In the three decades before the Civil War, Oberlinians distinguished themselves by their abhorrence of slavery and their abolitionist zeal. In the years of war and reconstruction, Oberlin led all American colleges and universities in the number of students and alumni who helped establish schools and colleges for freedmen throughout the American South. Long before the Civil Rights Movement reached the consciousness of most white Americans, Oberlin students--black and white--recognized and acted to redress racial inequality at the College, in the town, and elsewhere in the nation.

Oberlin's history also illustrates the importance of an ongoing affirmative commitment to interracial education: throughout the 19th century, Oberlin granted fully one-half of all baccalaureate degrees awarded to African Americans.
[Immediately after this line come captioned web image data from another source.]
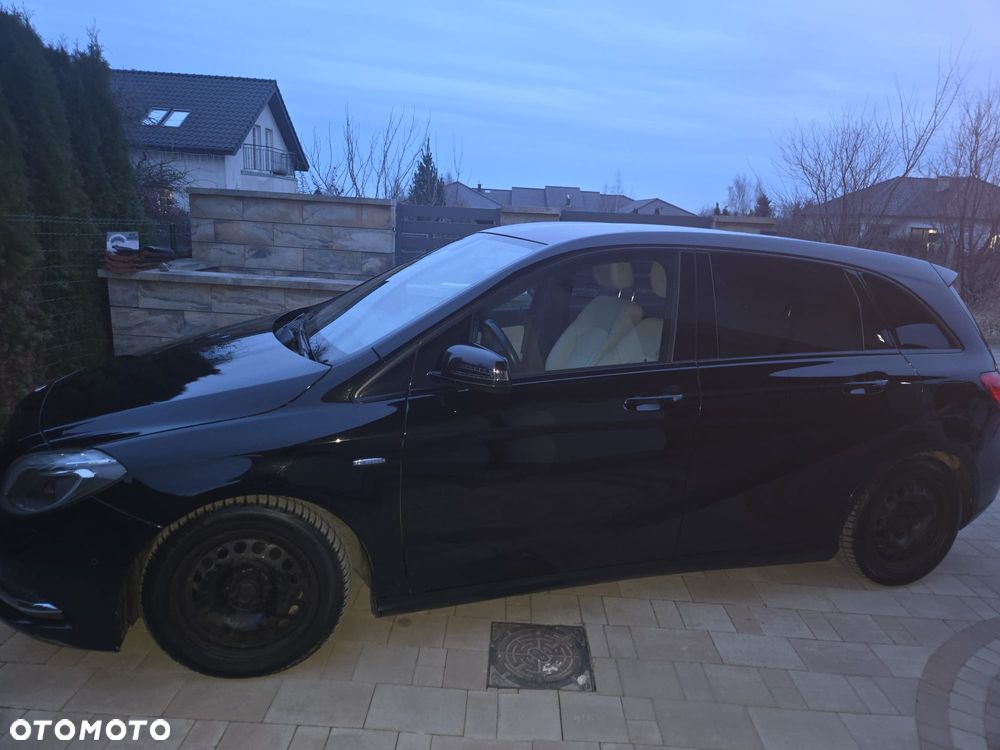 Mercedes-Benz Klasa B 180 CDI - 2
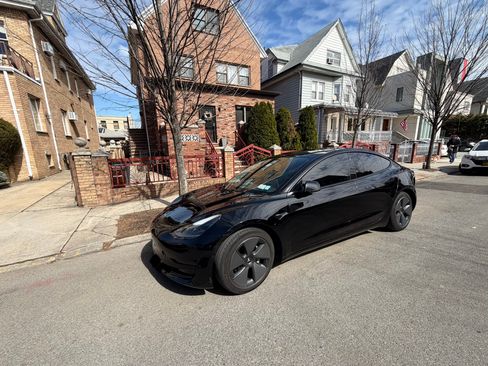 Used 2021 Tesla Model 3 Standard Range Plus image 5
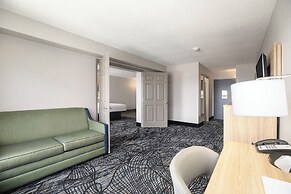 Days Inn & Suites by Wyndham Norton Shores/Muskegon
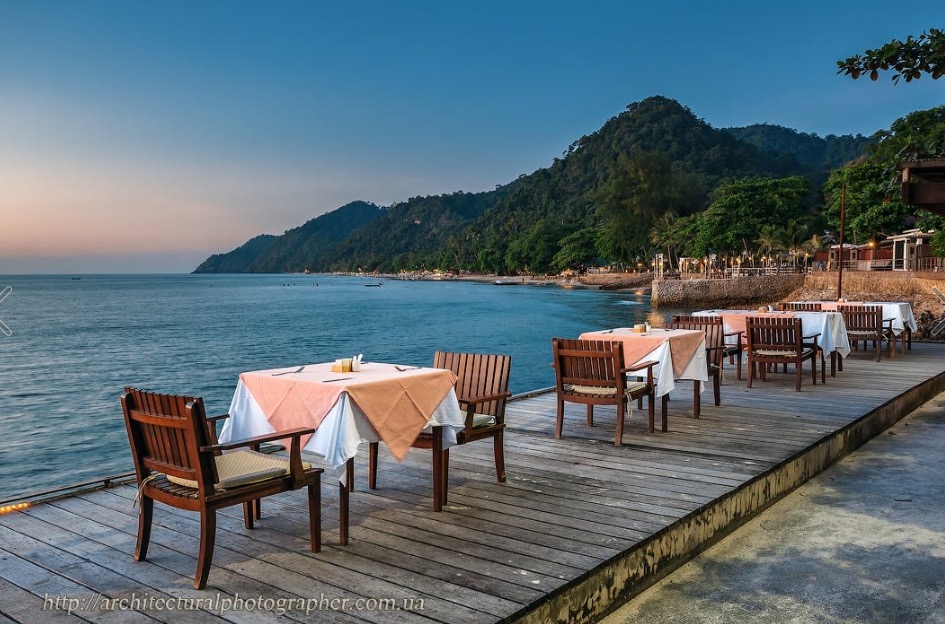 Koh Chang. Restaurant on shore Chang Buri Hotel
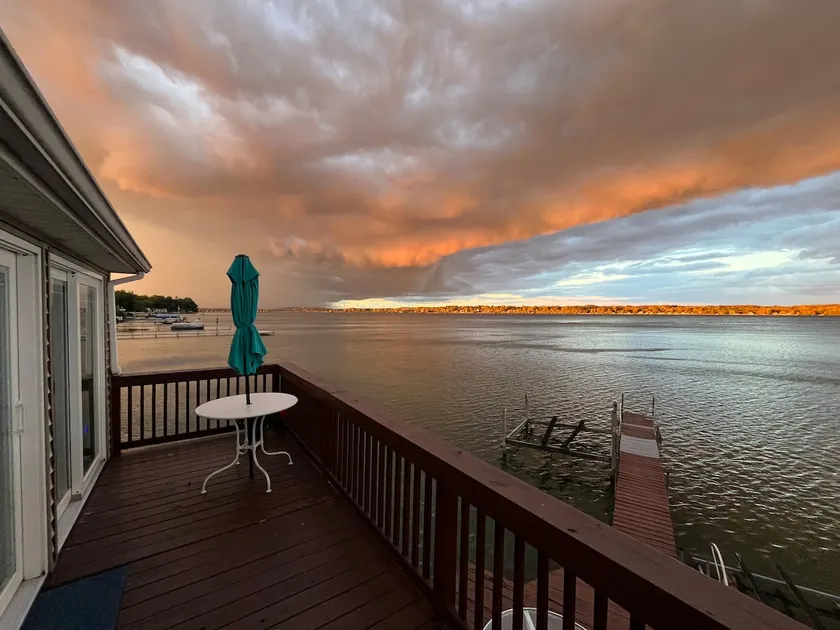 Jacob’s Landing Water Front Summer Getaway USA - Image 1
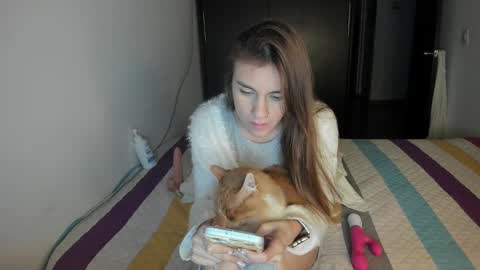 instagram  nueela   online show from December 2, 2024, 11:40 pm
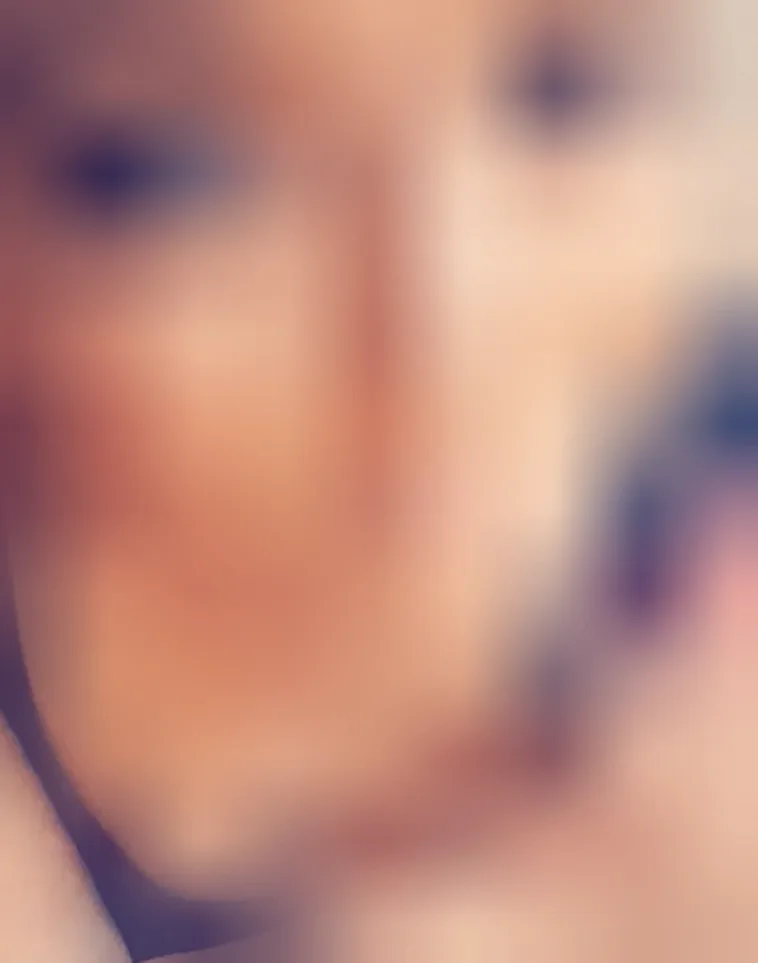 Lucia, 37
After the establishment of black colleges and universities in the South late in the 19th century, Oberlin could claim, well into the 20th century, to have graduated one-third of all African Americans who earned bachelors' degrees.

Oberlin has retained its commitment to inclusion and diversity throughout its history. Few campuses are as accepting of difference as ours. Like most of America's leading colleges and universities, we use race as one of many factors in our admissions process. We do this to ensure that Oberlin continues to be a richly inclusive and diverse academic community. We also practice affirmative action to help redress the still-prevalent social and economic inequalities in American life that are rooted in race.

Oberlin must continue to lead the way in speaking out in favor of affirmative action and the racial, ethnic, and socioeconomic diversity that it helps ensure throughout higher education. The educational benefits brought about by diversity of all kinds--religious, political, intellectual, and racial--assume heightened importance at this moment in our history. As our country and others prepare for war, it is especially important that students learn there are different ways of seeing, experiencing, and thinking about the world, and that there are ways to both appreciate and respect each others' differences and respectfully negotiate our disagreements.